• _EXERCISE OBJECTIVE_: Please transcribe the following records in full, exactly as given.

⟨

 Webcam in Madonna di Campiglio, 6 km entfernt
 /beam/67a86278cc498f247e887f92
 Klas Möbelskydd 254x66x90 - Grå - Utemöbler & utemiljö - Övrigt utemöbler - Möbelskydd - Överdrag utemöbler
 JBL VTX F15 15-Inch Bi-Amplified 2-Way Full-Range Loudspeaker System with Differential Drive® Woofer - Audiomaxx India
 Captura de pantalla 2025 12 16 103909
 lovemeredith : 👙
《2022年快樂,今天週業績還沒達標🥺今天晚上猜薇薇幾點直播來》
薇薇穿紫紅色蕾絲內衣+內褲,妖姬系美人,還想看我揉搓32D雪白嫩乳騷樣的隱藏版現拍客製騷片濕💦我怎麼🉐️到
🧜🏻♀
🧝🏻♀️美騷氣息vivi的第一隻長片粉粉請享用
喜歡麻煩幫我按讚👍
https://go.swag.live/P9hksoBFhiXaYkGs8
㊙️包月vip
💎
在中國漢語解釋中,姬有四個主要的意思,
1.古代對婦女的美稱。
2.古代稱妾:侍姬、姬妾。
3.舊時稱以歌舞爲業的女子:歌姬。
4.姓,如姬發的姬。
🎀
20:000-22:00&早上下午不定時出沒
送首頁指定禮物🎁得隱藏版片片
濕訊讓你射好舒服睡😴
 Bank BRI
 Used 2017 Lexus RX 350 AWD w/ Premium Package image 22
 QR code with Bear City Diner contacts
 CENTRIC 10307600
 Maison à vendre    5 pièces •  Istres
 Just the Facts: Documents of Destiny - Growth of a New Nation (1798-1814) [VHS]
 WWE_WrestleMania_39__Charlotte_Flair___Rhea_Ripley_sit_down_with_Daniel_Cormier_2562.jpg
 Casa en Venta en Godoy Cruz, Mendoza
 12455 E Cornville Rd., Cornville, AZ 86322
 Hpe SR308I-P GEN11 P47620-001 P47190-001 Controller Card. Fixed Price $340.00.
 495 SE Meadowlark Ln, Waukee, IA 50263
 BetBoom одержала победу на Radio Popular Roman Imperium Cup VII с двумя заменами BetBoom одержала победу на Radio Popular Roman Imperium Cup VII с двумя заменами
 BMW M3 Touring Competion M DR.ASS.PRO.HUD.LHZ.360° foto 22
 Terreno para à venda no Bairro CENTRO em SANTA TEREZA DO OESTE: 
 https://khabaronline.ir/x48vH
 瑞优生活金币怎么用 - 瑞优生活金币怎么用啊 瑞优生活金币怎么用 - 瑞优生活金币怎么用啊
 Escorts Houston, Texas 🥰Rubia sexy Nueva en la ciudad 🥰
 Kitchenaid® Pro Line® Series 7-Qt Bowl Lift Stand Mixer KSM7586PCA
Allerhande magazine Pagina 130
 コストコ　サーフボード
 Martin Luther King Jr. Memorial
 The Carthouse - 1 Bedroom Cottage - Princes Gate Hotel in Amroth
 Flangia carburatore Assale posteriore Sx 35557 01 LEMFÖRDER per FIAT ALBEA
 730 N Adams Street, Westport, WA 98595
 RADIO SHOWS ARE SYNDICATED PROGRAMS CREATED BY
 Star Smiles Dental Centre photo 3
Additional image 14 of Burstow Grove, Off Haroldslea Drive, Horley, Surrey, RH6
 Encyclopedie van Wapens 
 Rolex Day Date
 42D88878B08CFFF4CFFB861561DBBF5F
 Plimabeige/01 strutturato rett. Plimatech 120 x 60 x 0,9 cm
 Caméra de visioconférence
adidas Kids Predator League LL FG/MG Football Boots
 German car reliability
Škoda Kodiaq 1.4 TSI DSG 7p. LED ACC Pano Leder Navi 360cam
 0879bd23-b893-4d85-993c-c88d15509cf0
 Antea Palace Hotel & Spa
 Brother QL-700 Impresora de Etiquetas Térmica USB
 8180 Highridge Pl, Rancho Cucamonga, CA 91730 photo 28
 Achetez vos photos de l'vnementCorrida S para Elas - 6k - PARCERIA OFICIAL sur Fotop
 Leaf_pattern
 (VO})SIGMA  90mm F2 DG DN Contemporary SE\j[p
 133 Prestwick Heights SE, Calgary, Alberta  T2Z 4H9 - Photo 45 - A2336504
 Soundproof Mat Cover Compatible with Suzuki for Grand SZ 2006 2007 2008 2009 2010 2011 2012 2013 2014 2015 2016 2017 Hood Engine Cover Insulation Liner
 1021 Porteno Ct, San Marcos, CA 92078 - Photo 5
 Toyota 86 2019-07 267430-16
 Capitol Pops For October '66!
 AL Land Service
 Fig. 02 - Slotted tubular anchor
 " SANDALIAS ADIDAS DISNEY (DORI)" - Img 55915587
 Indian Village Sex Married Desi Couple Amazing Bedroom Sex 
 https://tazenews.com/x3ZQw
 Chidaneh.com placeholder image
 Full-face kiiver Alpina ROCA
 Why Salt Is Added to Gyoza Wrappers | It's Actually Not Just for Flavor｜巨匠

⟩

• _SOLUTION FOR THIS PROBLEM_:
 Webcam in Madonna di Campiglio, 6 km entfernt
 /beam/67a86278cc498f247e887f92
 Klas Möbelskydd 254x66x90 - Grå - Utemöbler & utemiljö - Övrigt utemöbler - Möbelskydd - Överdrag utemöbler
 JBL VTX F15 15-Inch Bi-Amplified 2-Way Full-Range Loudspeaker System with Differential Drive® Woofer - Audiomaxx India
 Captura de pantalla 2025 12 16 103909
 lovemeredith : 👙
《2022年快樂,今天週業績還沒達標🥺今天晚上猜薇薇幾點直播來》
薇薇穿紫紅色蕾絲內衣+內褲,妖姬系美人,還想看我揉搓32D雪白嫩乳騷樣的隱藏版現拍客製騷片濕💦我怎麼🉐️到
🧜🏻♀
🧝🏻♀️美騷氣息vivi的第一隻長片粉粉請享用
喜歡麻煩幫我按讚👍
https://go.swag.live/P9hksoBFhiXaYkGs8
㊙️包月vip
💎
在中國漢語解釋中,姬有四個主要的意思,
1.古代對婦女的美稱。
2.古代稱妾:侍姬、姬妾。
3.舊時稱以歌舞爲業的女子:歌姬。
4.姓,如姬發的姬。
🎀
20:000-22:00&早上下午不定時出沒
送首頁指定禮物🎁得隱藏版片片
濕訊讓你射好舒服睡😴
 Bank BRI
 Used 2017 Lexus RX 350 AWD w/ Premium Package image 22
 QR code with Bear City Diner contacts
 CENTRIC 10307600
 Maison à vendre    5 pièces •  Istres
 Just the Facts: Documents of Destiny - Growth of a New Nation (1798-1814) [VHS]
 WWE_WrestleMania_39__Charlotte_Flair___Rhea_Ripley_sit_down_with_Daniel_Cormier_2562.jpg
 Casa en Venta en Godoy Cruz, Mendoza
 12455 E Cornville Rd., Cornville, AZ 86322
 Hpe SR308I-P GEN11 P47620-001 P47190-001 Controller Card. Fixed Price $340.00.
 495 SE Meadowlark Ln, Waukee, IA 50263
 BetBoom одержала победу на Radio Popular Roman Imperium Cup VII с двумя заменами BetBoom одержала победу на Radio Popular Roman Imperium Cup VII с двумя заменами
 BMW M3 Touring Competion M DR.ASS.PRO.HUD.LHZ.360° foto 22
 Terreno para à venda no Bairro CENTRO em SANTA TEREZA DO OESTE: 
 https://khabaronline.ir/x48vH
 瑞优生活金币怎么用 - 瑞优生活金币怎么用啊 瑞优生活金币怎么用 - 瑞优生活金币怎么用啊
 Escorts Houston, Texas 🥰Rubia sexy Nueva en la ciudad 🥰
 Kitchenaid® Pro Line® Series 7-Qt Bowl Lift Stand Mixer KSM7586PCA
Allerhande magazine Pagina 130
 コストコ　サーフボード
 Martin Luther King Jr. Memorial
 The Carthouse - 1 Bedroom Cottage - Princes Gate Hotel in Amroth
 Flangia carburatore Assale posteriore Sx 35557 01 LEMFÖRDER per FIAT ALBEA
 730 N Adams Street, Westport, WA 98595
 RADIO SHOWS ARE SYNDICATED PROGRAMS CREATED BY
 Star Smiles Dental Centre photo 3
Additional image 14 of Burstow Grove, Off Haroldslea Drive, Horley, Surrey, RH6
 Encyclopedie van Wapens 
 Rolex Day Date
 42D88878B08CFFF4CFFB861561DBBF5F
 Plimabeige/01 strutturato rett. Plimatech 120 x 60 x 0,9 cm
 Caméra de visioconférence
adidas Kids Predator League LL FG/MG Football Boots
 German car reliability
Škoda Kodiaq 1.4 TSI DSG 7p. LED ACC Pano Leder Navi 360cam
 0879bd23-b893-4d85-993c-c88d15509cf0
 Antea Palace Hotel & Spa
 Brother QL-700 Impresora de Etiquetas Térmica USB
 8180 Highridge Pl, Rancho Cucamonga, CA 91730 photo 28
 Achetez vos photos de l'vnementCorrida S para Elas - 6k - PARCERIA OFICIAL sur Fotop
 Leaf_pattern
 (VO})SIGMA  90mm F2 DG DN Contemporary SE\j[p
 133 Prestwick Heights SE, Calgary, Alberta  T2Z 4H9 - Photo 45 - A2336504
 Soundproof Mat Cover Compatible with Suzuki for Grand SZ 2006 2007 2008 2009 2010 2011 2012 2013 2014 2015 2016 2017 Hood Engine Cover Insulation Liner
 1021 Porteno Ct, San Marcos, CA 92078 - Photo 5
 Toyota 86 2019-07 267430-16
 Capitol Pops For October '66!
 AL Land Service
 Fig. 02 - Slotted tubular anchor
 " SANDALIAS ADIDAS DISNEY (DORI)" - Img 55915587
 Indian Village Sex Married Desi Couple Amazing Bedroom Sex 
 https://tazenews.com/x3ZQw
 Chidaneh.com placeholder image
 Full-face kiiver Alpina ROCA
 Why Salt Is Added to Gyoza Wrappers | It's Actually Not Just for Flavor｜巨匠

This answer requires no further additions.